**Task description**. If a line below falls between the line with "Mavi Polo Yaka Pamuk Triko" and the line with "月亮天气203线颜色图标svg_新图网 https://ixintu.com 天气", or is one of those two, output it exactly; output nothing else and no pictures.

**Data to examine**.
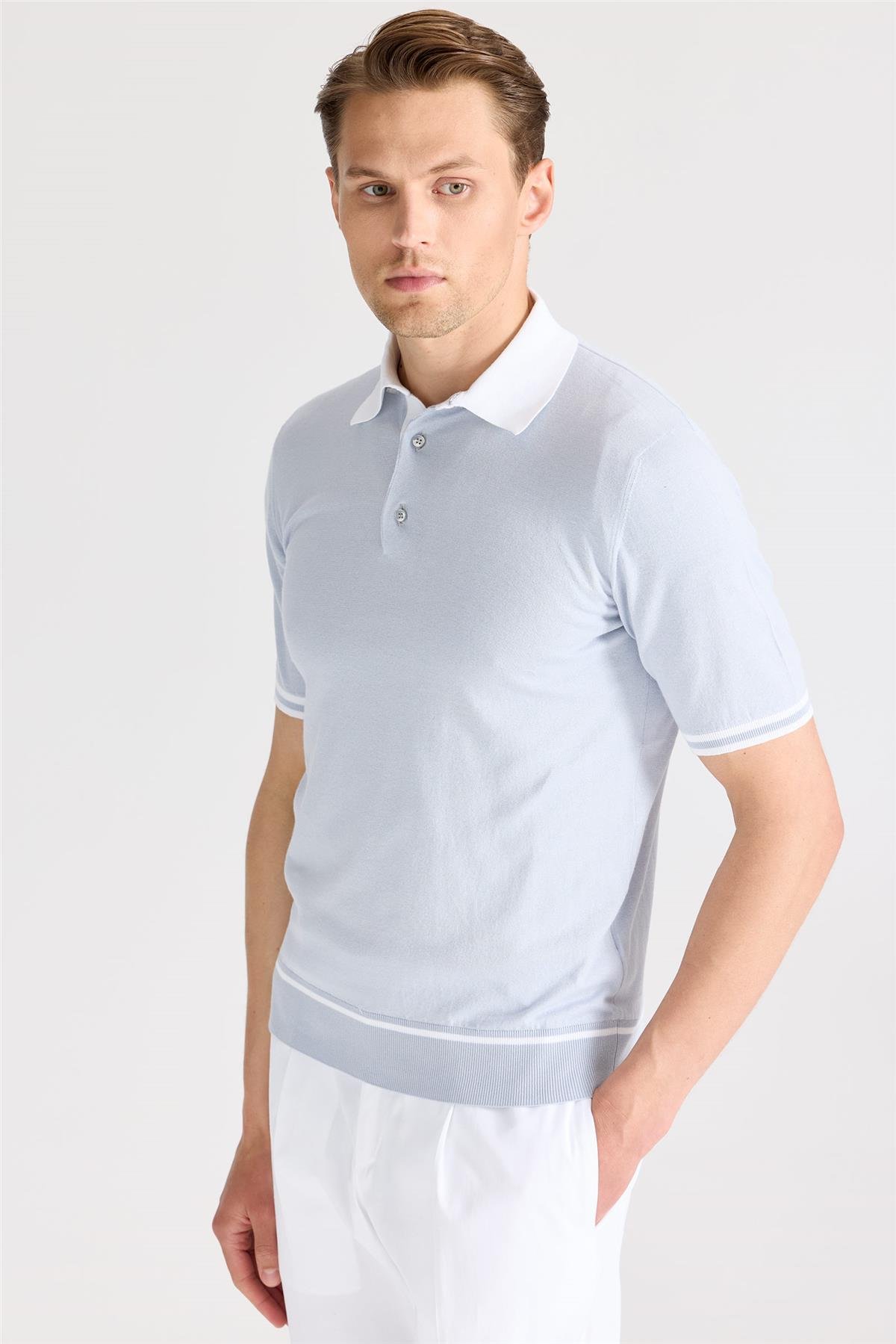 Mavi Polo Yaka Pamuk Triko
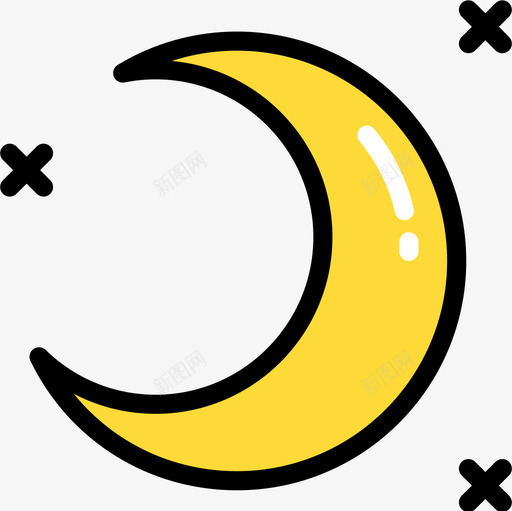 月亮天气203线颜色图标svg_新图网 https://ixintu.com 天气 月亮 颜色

* * *

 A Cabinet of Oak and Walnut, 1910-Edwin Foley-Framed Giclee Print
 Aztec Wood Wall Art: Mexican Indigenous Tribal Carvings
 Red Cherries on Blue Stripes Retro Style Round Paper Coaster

**Expected output**.
 Mavi Polo Yaka Pamuk Triko
 月亮天气203线颜色图标svg_新图网 https://ixintu.com 天气 月亮 颜色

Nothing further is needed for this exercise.